I’m more concerned with potentially importing anti-Semitic Russian, Polish, Ukrainian, German, Latvian, Lithuanian, or Estonian skinheads than I am about someone from Latin America, and I’m not too concerned about them.
I’m not that concerned about the above either. When people come to America, they tend to leave a lot of that behind, which is a good thing.
I’m concerned about immigration being used to depress wages, and it is used that way with H1b and L-1 visas, and the repeated suggestions about slave labor guest workers, who would constitute a permanent underclass.
I also agree with Paul Krugman’s assessment that a large underclass creates a breeding ground for right wing politics.
That being said, there are clearly is both a right wing and a left wing position on expanded immigration (cheap labor and empatyh respectively) and on more restricted immigration (racism and wages respectively).
Personally, I favor a bounty program for illegals who rat out employers.
That being said, the Republican anti-immigration side is clearly racist, and it shows to the newly minted Americans.
Latino immigrants in South Florida who have traditionally registered with the GOP have felt alienated by the party, critics say.

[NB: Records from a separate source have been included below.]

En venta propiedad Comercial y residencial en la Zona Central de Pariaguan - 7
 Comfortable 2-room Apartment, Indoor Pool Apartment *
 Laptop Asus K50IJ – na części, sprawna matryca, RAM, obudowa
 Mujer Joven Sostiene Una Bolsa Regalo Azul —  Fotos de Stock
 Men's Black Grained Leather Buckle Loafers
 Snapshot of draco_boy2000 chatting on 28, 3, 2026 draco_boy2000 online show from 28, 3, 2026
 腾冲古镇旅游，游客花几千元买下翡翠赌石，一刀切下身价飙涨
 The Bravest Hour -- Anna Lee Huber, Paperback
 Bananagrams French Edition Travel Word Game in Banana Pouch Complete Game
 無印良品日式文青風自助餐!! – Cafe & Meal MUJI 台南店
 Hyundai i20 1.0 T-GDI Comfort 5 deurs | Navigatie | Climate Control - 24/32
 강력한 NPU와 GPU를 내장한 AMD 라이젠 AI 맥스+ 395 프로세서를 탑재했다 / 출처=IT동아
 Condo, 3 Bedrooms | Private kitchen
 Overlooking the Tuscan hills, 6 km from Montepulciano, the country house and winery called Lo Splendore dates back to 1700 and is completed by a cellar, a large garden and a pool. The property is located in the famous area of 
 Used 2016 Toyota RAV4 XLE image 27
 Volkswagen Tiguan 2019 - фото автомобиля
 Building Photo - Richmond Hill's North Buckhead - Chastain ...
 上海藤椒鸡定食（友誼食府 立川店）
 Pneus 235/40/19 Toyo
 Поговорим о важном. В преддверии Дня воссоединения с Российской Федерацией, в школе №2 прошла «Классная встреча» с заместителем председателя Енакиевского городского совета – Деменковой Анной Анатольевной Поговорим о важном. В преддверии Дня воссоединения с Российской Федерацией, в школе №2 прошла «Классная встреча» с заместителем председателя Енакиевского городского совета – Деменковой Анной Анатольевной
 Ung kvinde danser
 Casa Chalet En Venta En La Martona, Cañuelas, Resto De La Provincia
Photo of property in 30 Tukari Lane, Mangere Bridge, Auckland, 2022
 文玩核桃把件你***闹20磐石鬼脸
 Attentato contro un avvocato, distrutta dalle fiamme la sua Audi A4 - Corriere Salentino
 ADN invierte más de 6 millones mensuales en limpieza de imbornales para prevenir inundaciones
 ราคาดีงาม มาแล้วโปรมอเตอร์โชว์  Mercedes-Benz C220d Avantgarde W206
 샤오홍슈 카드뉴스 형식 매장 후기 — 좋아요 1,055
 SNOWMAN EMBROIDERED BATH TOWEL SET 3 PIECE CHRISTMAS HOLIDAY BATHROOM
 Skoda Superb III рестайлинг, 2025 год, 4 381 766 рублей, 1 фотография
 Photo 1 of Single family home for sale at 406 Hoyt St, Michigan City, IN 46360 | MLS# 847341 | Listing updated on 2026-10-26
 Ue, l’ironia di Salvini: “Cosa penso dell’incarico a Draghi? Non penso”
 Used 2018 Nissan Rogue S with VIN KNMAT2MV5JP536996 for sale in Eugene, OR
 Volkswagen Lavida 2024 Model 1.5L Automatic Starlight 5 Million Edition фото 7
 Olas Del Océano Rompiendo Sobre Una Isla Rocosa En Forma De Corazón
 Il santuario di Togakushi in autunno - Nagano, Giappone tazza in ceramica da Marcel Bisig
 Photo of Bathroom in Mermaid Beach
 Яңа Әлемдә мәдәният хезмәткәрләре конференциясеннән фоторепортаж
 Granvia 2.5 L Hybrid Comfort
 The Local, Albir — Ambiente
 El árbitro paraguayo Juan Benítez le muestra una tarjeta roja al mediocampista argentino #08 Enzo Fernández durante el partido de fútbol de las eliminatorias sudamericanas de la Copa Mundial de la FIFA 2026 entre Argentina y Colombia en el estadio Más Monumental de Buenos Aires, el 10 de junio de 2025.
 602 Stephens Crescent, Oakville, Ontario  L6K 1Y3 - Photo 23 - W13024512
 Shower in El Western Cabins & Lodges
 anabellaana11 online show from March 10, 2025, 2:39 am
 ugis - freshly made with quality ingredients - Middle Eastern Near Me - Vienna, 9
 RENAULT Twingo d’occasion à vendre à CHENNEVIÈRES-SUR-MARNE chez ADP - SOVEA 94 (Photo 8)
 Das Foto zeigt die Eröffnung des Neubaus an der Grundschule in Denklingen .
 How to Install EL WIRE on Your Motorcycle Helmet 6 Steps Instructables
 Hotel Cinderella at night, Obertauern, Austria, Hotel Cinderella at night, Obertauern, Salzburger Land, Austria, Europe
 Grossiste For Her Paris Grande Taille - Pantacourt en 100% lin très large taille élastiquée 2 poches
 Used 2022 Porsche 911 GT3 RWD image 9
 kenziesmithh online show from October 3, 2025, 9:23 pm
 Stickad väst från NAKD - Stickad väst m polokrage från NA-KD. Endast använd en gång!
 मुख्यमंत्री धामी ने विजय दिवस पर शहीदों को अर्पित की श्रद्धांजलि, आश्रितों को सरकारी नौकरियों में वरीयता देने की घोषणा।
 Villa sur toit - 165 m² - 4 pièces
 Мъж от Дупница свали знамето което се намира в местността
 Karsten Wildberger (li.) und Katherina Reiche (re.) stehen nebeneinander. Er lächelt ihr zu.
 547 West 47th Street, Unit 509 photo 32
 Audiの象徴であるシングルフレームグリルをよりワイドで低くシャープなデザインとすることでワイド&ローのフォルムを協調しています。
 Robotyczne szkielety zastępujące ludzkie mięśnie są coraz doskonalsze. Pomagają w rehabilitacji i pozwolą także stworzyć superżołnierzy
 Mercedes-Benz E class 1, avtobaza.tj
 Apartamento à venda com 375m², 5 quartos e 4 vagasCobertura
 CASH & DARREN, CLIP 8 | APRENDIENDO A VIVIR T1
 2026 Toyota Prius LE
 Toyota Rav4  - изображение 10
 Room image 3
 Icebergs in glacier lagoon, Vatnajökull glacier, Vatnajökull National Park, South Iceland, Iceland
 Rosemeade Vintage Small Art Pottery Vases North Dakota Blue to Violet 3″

By Peter Wallsten, Times Staff Writer
June 16, 2007MIAMI BEACH — As a Cuban who fled Fidel Castro’s communist rule for a new life in the U.S., Julio Izquierdo would seem a natural Republican voter — a sure bet to adopt the same political lineage that has long guided most of his countrymen who resettled in South Florida.
But moments after taking his oath this week to become a U.S. citizen and registering to vote, the grocery store employee said he felt no such allegiances.
“I don’t know whether Bush is a Democrat or a Republican, but whatever he is, I’m voting the other way,” Izquierdo, 20, said Thursday as he waited for a taxi after a mass naturalization ceremony at the Miami Beach Convention Center.
Izquierdo said he did not like President Bush’s handling of the Iraq war and was miffed at politicians, most of them Republican, who seem to dislike immigrants.
That sentiment, expressed by several of the 6,000 new citizens who took their oaths Thursday in group ceremonies that take place regularly in immigrant-heavy cities nationwide, underscored the troubled environment facing the GOP in the buildup to next year’s presidential election.
Surveys show that among Latino voters — a bloc Bush had hoped to woo into the Republican camp — negative views about the party are growing amid a bitter debate over immigration policy.